■ TRY IT
Only the lines from the beginning of the data below through the line containing "Null 18K白金和铂金戒" belong in the response, each copied exactly.

■ TASK INPUTS
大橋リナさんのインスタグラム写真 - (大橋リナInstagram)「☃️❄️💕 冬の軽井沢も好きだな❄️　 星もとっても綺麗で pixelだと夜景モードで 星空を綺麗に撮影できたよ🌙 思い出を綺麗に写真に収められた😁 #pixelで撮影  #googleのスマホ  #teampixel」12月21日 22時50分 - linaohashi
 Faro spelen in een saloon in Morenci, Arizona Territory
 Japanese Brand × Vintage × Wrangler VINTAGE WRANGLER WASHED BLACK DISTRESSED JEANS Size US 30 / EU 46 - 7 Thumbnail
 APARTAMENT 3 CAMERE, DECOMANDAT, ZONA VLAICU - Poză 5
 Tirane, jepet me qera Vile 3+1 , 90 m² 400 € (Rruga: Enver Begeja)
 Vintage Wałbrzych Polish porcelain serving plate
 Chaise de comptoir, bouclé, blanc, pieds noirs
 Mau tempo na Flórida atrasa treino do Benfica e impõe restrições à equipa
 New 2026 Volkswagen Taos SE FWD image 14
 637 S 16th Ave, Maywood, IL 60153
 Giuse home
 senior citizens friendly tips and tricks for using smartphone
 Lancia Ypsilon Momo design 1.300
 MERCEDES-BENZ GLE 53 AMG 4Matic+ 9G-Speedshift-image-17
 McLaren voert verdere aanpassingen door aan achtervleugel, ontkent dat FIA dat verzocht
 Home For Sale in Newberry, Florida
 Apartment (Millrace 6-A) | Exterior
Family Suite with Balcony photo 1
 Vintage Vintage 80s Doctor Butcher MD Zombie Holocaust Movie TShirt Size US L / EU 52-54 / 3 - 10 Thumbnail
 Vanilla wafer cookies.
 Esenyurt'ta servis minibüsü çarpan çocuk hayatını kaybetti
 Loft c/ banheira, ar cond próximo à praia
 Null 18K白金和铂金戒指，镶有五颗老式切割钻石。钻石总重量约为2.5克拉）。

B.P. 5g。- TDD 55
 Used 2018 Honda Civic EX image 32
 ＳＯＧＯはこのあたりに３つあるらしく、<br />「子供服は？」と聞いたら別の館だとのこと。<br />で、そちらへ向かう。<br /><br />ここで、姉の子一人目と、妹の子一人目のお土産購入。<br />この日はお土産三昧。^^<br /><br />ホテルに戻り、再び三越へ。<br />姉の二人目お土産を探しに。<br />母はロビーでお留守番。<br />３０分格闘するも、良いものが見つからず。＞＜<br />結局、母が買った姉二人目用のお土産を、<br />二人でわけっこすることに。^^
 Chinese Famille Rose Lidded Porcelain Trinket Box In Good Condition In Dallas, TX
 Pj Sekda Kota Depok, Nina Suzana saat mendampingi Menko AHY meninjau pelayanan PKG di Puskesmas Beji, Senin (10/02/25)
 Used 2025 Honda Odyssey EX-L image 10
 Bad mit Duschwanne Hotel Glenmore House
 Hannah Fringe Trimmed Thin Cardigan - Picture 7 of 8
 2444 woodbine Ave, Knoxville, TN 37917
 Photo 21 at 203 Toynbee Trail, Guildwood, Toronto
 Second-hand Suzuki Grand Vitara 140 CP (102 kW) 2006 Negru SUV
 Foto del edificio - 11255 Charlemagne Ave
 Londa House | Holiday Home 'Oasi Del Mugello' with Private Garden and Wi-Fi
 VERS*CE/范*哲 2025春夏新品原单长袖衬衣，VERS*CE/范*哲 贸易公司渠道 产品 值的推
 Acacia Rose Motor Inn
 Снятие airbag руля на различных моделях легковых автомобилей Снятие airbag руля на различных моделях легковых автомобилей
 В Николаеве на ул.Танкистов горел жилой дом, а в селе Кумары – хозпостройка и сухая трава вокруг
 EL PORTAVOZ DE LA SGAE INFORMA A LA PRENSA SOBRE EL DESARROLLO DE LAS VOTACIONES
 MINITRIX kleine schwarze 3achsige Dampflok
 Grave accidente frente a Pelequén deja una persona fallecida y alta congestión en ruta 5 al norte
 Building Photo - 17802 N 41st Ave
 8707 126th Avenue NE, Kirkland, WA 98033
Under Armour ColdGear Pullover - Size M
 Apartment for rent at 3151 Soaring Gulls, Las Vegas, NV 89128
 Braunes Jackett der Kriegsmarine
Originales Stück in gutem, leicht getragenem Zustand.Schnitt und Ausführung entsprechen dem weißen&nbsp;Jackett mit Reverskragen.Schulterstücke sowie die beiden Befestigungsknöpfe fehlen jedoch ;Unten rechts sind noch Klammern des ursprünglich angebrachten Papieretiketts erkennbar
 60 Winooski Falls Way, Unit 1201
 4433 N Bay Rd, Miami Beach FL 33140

■ OUTPUT
大橋リナさんのインスタグラム写真 - (大橋リナInstagram)「☃️❄️💕 冬の軽井沢も好きだな❄️　 星もとっても綺麗で pixelだと夜景モードで 星空を綺麗に撮影できたよ🌙 思い出を綺麗に写真に収められた😁 #pixelで撮影  #googleのスマホ  #teampixel」12月21日 22時50分 - linaohashi
 Faro spelen in een saloon in Morenci, Arizona Territory
 Japanese Brand × Vintage × Wrangler VINTAGE WRANGLER WASHED BLACK DISTRESSED JEANS Size US 30 / EU 46 - 7 Thumbnail
 APARTAMENT 3 CAMERE, DECOMANDAT, ZONA VLAICU - Poză 5
 Tirane, jepet me qera Vile 3+1 , 90 m² 400 € (Rruga: Enver Begeja)
 Vintage Wałbrzych Polish porcelain serving plate
 Chaise de comptoir, bouclé, blanc, pieds noirs
 Mau tempo na Flórida atrasa treino do Benfica e impõe restrições à equipa
 New 2026 Volkswagen Taos SE FWD image 14
 637 S 16th Ave, Maywood, IL 60153
 Giuse home
 senior citizens friendly tips and tricks for using smartphone
 Lancia Ypsilon Momo design 1.300
 MERCEDES-BENZ GLE 53 AMG 4Matic+ 9G-Speedshift-image-17
 McLaren voert verdere aanpassingen door aan achtervleugel, ontkent dat FIA dat verzocht
 Home For Sale in Newberry, Florida
 Apartment (Millrace 6-A) | Exterior
Family Suite with Balcony photo 1
 Vintage Vintage 80s Doctor Butcher MD Zombie Holocaust Movie TShirt Size US L / EU 52-54 / 3 - 10 Thumbnail
 Vanilla wafer cookies.
 Esenyurt'ta servis minibüsü çarpan çocuk hayatını kaybetti
 Loft c/ banheira, ar cond próximo à praia
 Null 18K白金和铂金戒指，镶有五颗老式切割钻石。钻石总重量约为2.5克拉）。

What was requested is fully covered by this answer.